In Nürnberg haben im ersten Jahr bis September 2021 230 Menschen nach Hilfe angefragt. Rund 120 Menschen sind in dieser Zeit begleitet worden. Kempter vermutet, dass es auch mehr Klienten gewesen wären, wenn das Blaufeuer-Team noch größer wäre. Das kostenlose Blaufeuerangebot setzt auf niederschwelligen Zugang ohne weitere Anforderungen oder Bescheinigungen. Einzige Voraussetzung ist das Alter zwischen 18 und 64 Jahren sowie eine Erwerbstätigkeit.

Erschöpfungsgefühle sollen frühzeitig erkannt werden und durch passende Gespräche oder Präventionsangebote gelindert oder beseitigt werden, das ist das übergeordnete Ziel. Auf diese Weise werde auch langfristig einer drohenden Arbeitsunfähigkeit entgegengewirkt. "Der Zustrom in die Erwerbsminderungsrente ist groß", ergänzt Projektleiter Mario Kreß vom gemeinnützigen Berufsförderungswerk Nürnberg. Dort ist das Modellprojekt Blaufeuer angesiedelt.
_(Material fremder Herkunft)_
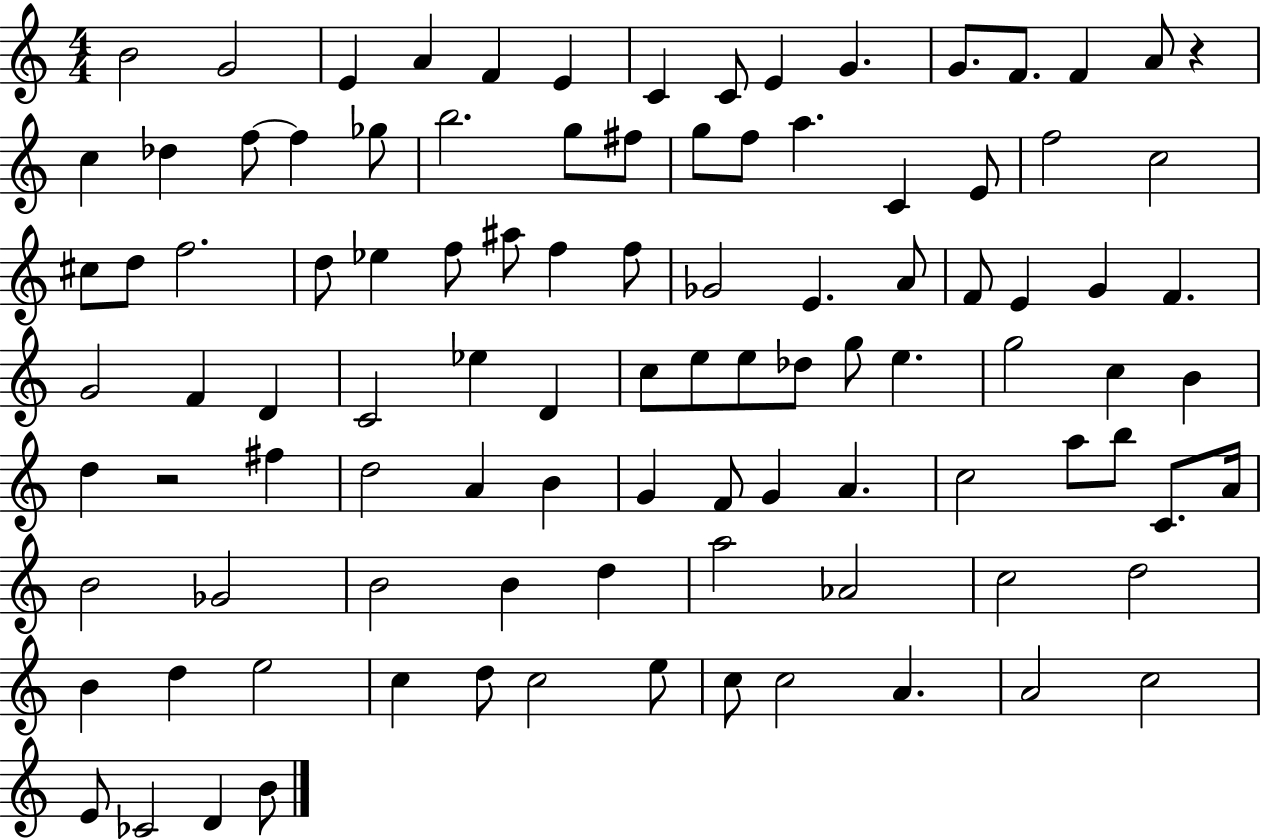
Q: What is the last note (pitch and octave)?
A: B4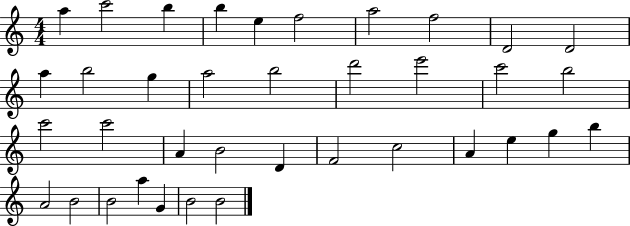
{
  \clef treble
  \numericTimeSignature
  \time 4/4
  \key c \major
  a''4 c'''2 b''4 | b''4 e''4 f''2 | a''2 f''2 | d'2 d'2 | \break a''4 b''2 g''4 | a''2 b''2 | d'''2 e'''2 | c'''2 b''2 | \break c'''2 c'''2 | a'4 b'2 d'4 | f'2 c''2 | a'4 e''4 g''4 b''4 | \break a'2 b'2 | b'2 a''4 g'4 | b'2 b'2 | \bar "|."
}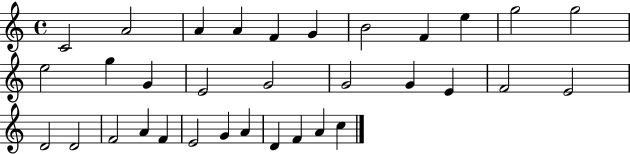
C4/h A4/h A4/q A4/q F4/q G4/q B4/h F4/q E5/q G5/h G5/h E5/h G5/q G4/q E4/h G4/h G4/h G4/q E4/q F4/h E4/h D4/h D4/h F4/h A4/q F4/q E4/h G4/q A4/q D4/q F4/q A4/q C5/q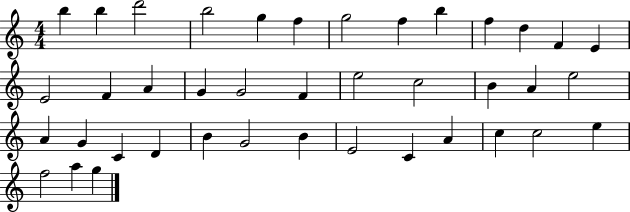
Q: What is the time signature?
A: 4/4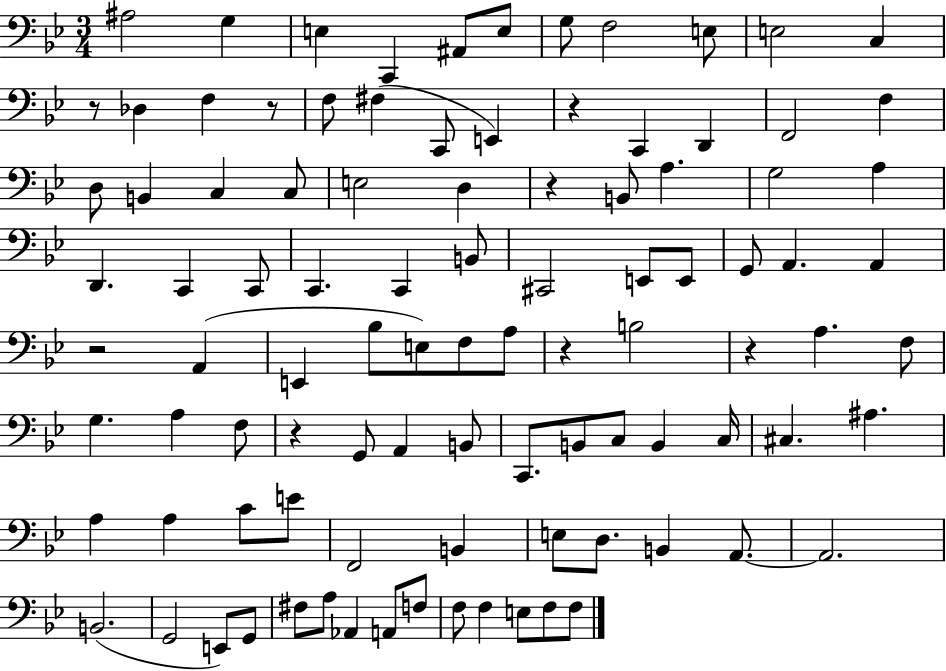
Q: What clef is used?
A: bass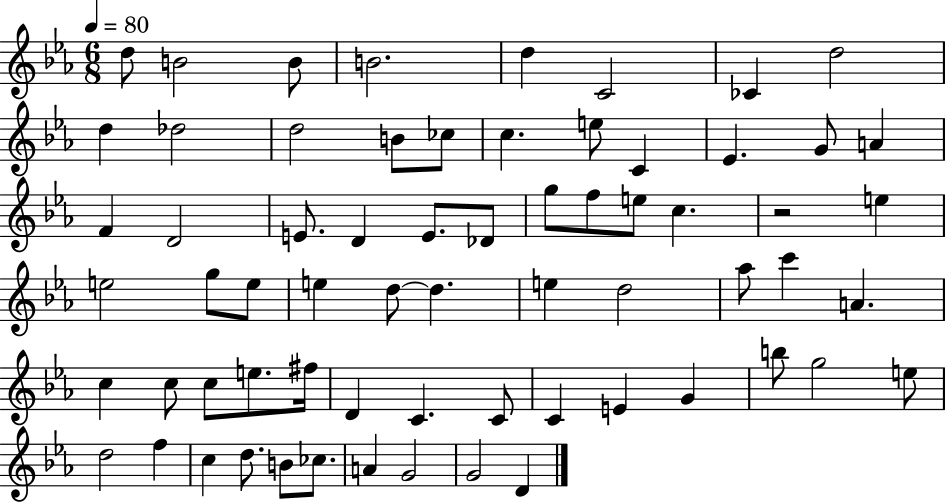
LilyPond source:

{
  \clef treble
  \numericTimeSignature
  \time 6/8
  \key ees \major
  \tempo 4 = 80
  d''8 b'2 b'8 | b'2. | d''4 c'2 | ces'4 d''2 | \break d''4 des''2 | d''2 b'8 ces''8 | c''4. e''8 c'4 | ees'4. g'8 a'4 | \break f'4 d'2 | e'8. d'4 e'8. des'8 | g''8 f''8 e''8 c''4. | r2 e''4 | \break e''2 g''8 e''8 | e''4 d''8~~ d''4. | e''4 d''2 | aes''8 c'''4 a'4. | \break c''4 c''8 c''8 e''8. fis''16 | d'4 c'4. c'8 | c'4 e'4 g'4 | b''8 g''2 e''8 | \break d''2 f''4 | c''4 d''8. b'8 ces''8. | a'4 g'2 | g'2 d'4 | \break \bar "|."
}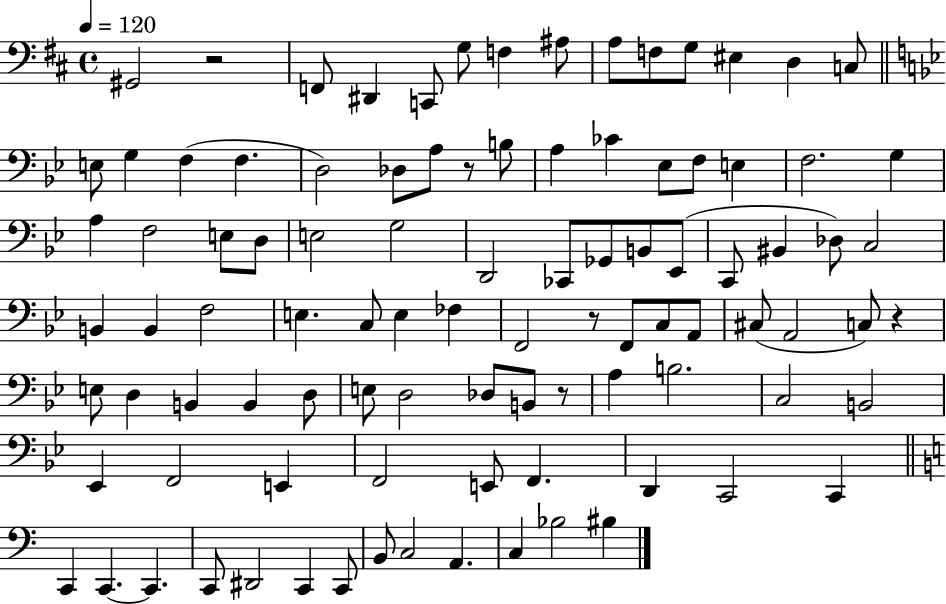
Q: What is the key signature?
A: D major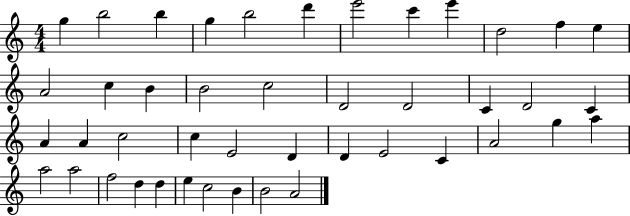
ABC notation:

Der Name "Blaufeuer" stammt aus der Schifffahrt 

Kreß hätte nicht mit der großen Nachfrage vom Start weg gerechnet. Indizien für den hohen Bedarf sind allerdings schon die Krankenstatistiken. Mittlerweile rangieren psychische Erkrankungen in der Häufigkeit nach Krankheiten des Muskel-Skelett-Systems auf Platz zwei. Mit Blick auf die Dauer der Krankheitstage nimmt diese Diagnose bereits Platz eins ein. Kreß sieht diese Einschätzung auch durch die anderen beiden Modellprojekte in Berlin und Köln bestätigt, die von ähnlichen Erfahrungen berichten.

Blaufeuer ist übrigens ein Begriff aus der Schifffahrt. Wenn ein Kapitän Hilfe bei der Orientierung braucht, gibt er ein blaues Leuchtsignal - das Blaufeuer und ein Lotse kommt an Bord. Das passe gut zur Arbeit des Modellprojektes, sagt Schöner-Sommer. Der Kapitän bekomme zwar Hilfe von einem Lotsen, bleibe aber selbst in der Verantwortung.

Das Modellprojekt ist auf fünf Jahre angelegt und wird wissenschaftlich begleitet. Die Kosten trägt das Arbeits- und Sozialministerium über ein spezielles Bundesprogramm. Langfristig sollen über die bestehenden Angebote hinaus neue Maßnahmen identifiziert werden, um Menschen mit psychischen Belastungen besser zu versorgen. Kreß will das junge Angebot enger mit Unternehmen und anderen Hilfseinrichtungen vernetzen. Für ihn ist das oberste Gebot:

"Es geht uns um den einzelnen Menschen."